Depuis le sommet de Bruxelles, les commentateurs oscillent entre l’optimisme béat et le scepticisme résigné. Pourtant, nul n’est capable de formuler une opinion stabilisée. Les marchés sont imprévisibles et ce ne sera que dans quelques semaines qu’il sera possible d’exprimer une opinion réfléchie sur les récentes décisions.
Au-delà de cela, des points sont positifs : la Grèce est allégée d’un fardeau financier devenu insoutenable et le marché des dettes publiques sera probablement (r)assuré par la démultiplication des moyens financiers du FESF. Il ne s’agit rien d’autre que d’une mutualisation du risque souverain, qui correspond à la philosophie d’une monnaie unique.
Mais une problématique reste entière : les dettes publiques restent trop élevées alors que la conjoncture est récessionnaire. Il ne sera donc pas possible d’absorber ces excès d’endettement par des impôts, car ces derniers risquent de faire suffoquer l’économie.
A notre intuition, il faudra donc poursuivre la monétisation des dettes publiques afin de diluer leur remboursement au travers de l’inflation et de ne pas contrarier la croissance de l’économie réelle par des prélèvements fiscaux excessifs et des chocs sociaux.

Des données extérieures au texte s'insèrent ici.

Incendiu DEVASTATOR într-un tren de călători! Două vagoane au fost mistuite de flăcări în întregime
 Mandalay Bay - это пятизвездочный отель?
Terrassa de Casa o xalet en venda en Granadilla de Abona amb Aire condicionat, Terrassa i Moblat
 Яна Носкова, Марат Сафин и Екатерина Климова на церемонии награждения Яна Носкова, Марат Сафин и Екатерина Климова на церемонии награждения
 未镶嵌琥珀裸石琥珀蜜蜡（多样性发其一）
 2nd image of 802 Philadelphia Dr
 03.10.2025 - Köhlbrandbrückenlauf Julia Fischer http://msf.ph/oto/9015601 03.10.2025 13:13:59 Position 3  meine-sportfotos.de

Cela ira de pair avec une atténuation des contraintes d'inflation imposées à la BCE afin que les conséquences inflationnistes des assouplissements monétaires ne soient pas déjouées par des hausses de taux d'intérêt.
Il faudra aussi reformuler les missions de la BCE dans le même sens que le mandat assigné à la Federal Reserve américaine, à savoir celui de contrôler l'inflation mais aussi de contribuer à la stabilisation du marché de l'emploi.
Il conviendra aussi de préparer nos économies à un choc inflationniste par des mesures qui protègent les bas salaires et les détenteurs de capitaux modiques.